Nieoczekiwane skutki rosyjskiej agresji

Przychodzi ważny mail o godz. 22, telefon automatycznie daje nam o tym znać – i co robić, odpuścić sobie odpisywanie na niego?

Tylko czy zawsze możemy odpuścić? To bardzo skomplikowane dylematy. Kiedyś tak nie było. Jeżeli fizycznie wychodziłeś z pracy, to ta praca nie miała nad tobą żadnej kontroli. A teraz masz tzw. fakap w robocie i masz poczucie, że jeśli o tej 22 nie zajmiesz się nim od razu, to tylko sam sobie zrobisz jeszcze większy problem. Utraciliśmy jasne granice i trudno nam zachować równowagę, ten tzw. work-life balance.

I co proponujesz jako stoik?

Warto, byśmy pamiętali, że to jednak od nas zależy, jak bardzo chcemy się dać zużyć temu, co robimy. Tym wszystkim stresom, fakapom, całej tej presji. To jest w naszej głowie. I jeżeli odpowiednio tego wszystkiego sobie w niej nie poukładamy, to zje nas każda praca, niezależnie jak obiektywnie stresująca. Sam zresztą cały czas się z tym zmagam, bo pisząc książki, muszę ciągle się ścierać w różnych kwestiach z redaktorami i wydawcami, co ma potencjał mocno stresujący. Oczywiście, nie jest to robota asystenta prezydenta Trumpa, gdy kompletnie nie wiesz, co się za chwilę wydarzy (śmiech). Ale to praca z założenia rwana, nieokreślona, pozbawiona jakichś naturalnych granic, nie siedzi się w niej przy biurku od 9 do 17. A wtedy na tobie spoczywa cała odpowiedzialność za zachowanie życiowej równowagi. Musisz samemu ułożyć sobie wszystko w głowie. I to jest coś, czego cały czas się uczę.

Czasem jednak trzeba poharować. Wiesz, raty kredytów idą w górę, ktoś w rodzinie zachoruje…
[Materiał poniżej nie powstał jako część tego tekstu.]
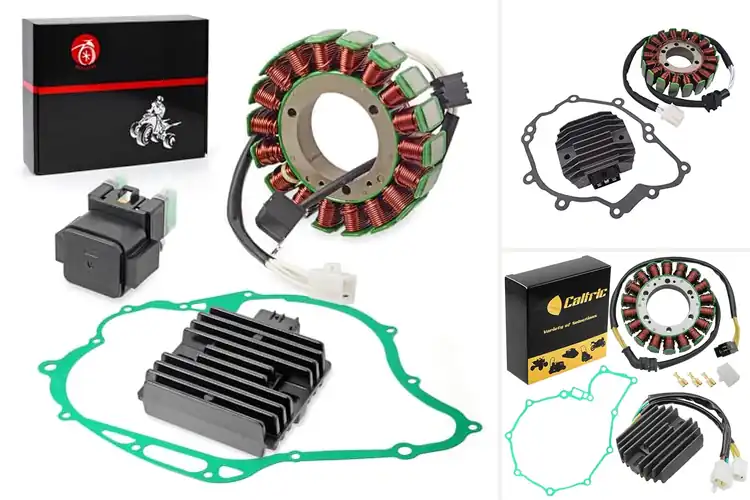 Detailed view of Best Includes Stator Regulator Rectifier Gasket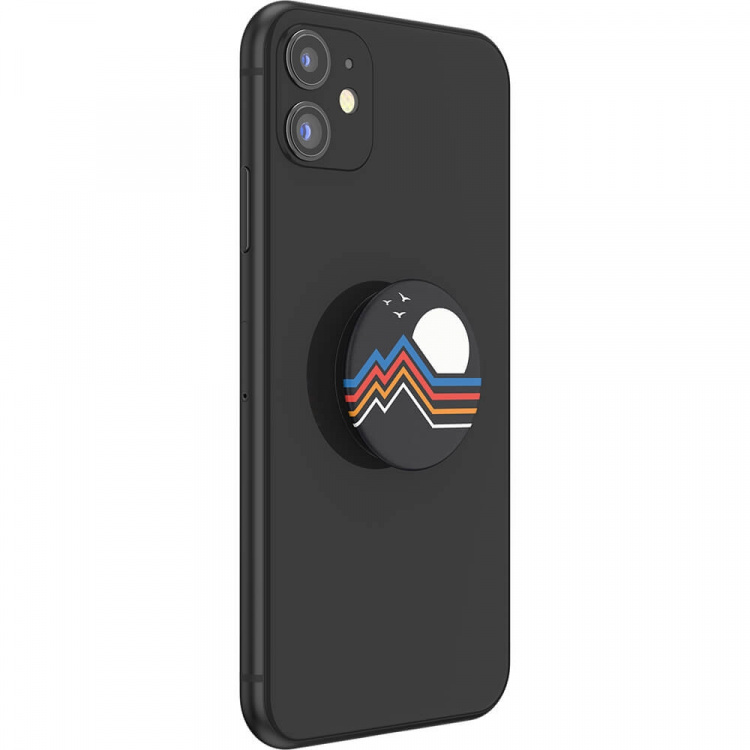 PopSockets Moon Horizon Avtagbart Grip med Ställfunktion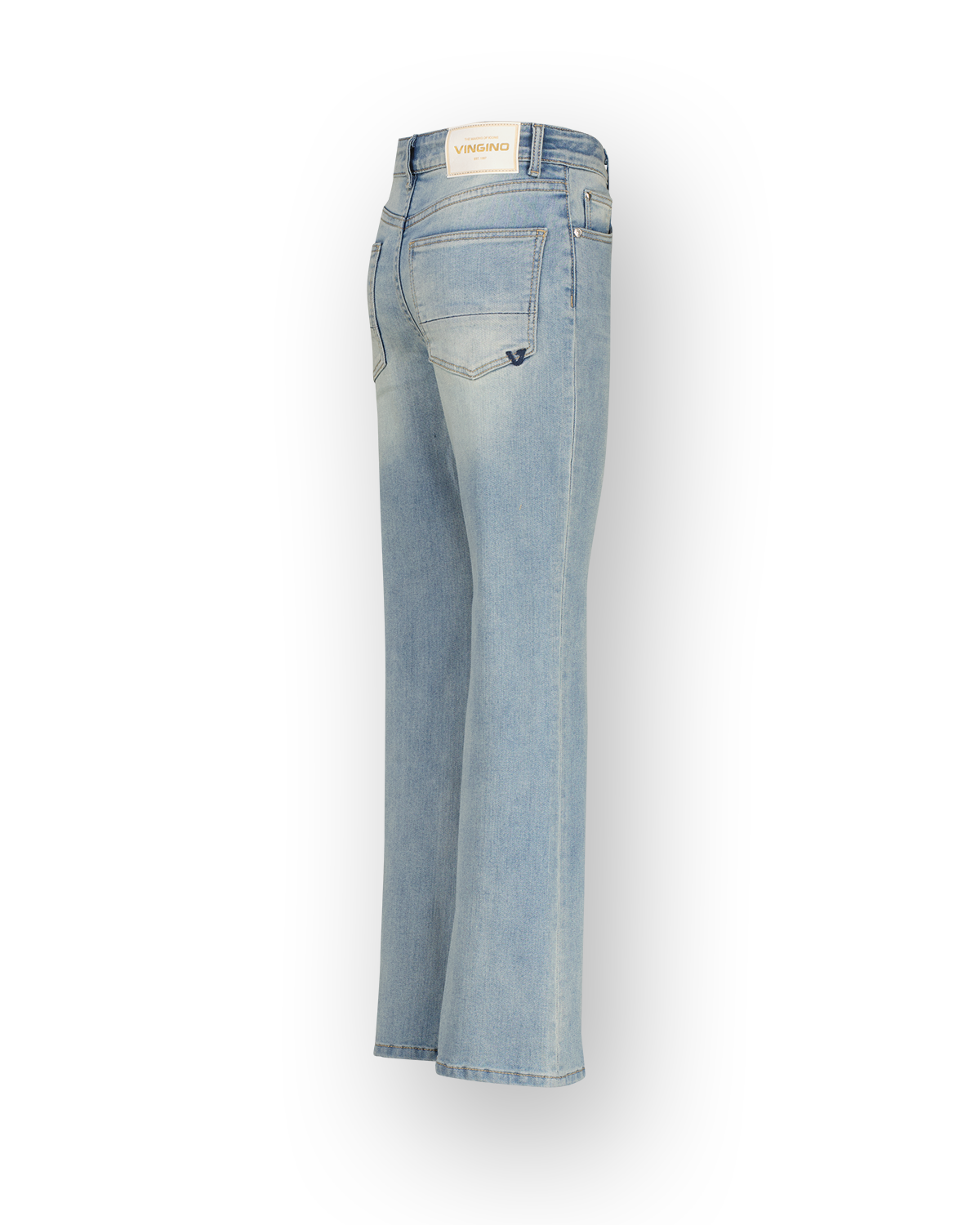 Straight flare Jeans Claire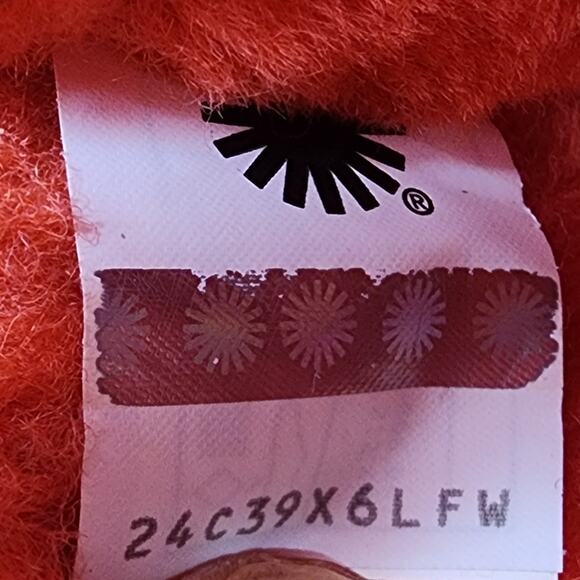 UGG Australia Fluff Yeah Slide Women 8 Pride Cali Collage Rainbow Sling 1120002 - Picture 12 of 13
Jasne, jeżeli musisz przegiąć, by utrzymać się na powierzchni, to musisz, i tyle. Ale często to jednak sami zakładamy, że tak musimy, choć obiektywne czynniki wcale nam takiej konieczności nie narzucają. Elementarne założenie stoicyzmu mówi, że to, jak się czujemy, jest funkcją tego, jak myślimy. Jeśli świadomie czy podświadomie zakładamy, że jesteśmy pracoholikami i chcemy się zajechać, to się zajedziemy. Jeśli jednak nie chcemy, to musimy zacząć to wszystko odpowiednio sobie układać w głowie. Bo zewnętrzne okoliczności są oczywiście ważne, ale tak samo ważne są własne założenia.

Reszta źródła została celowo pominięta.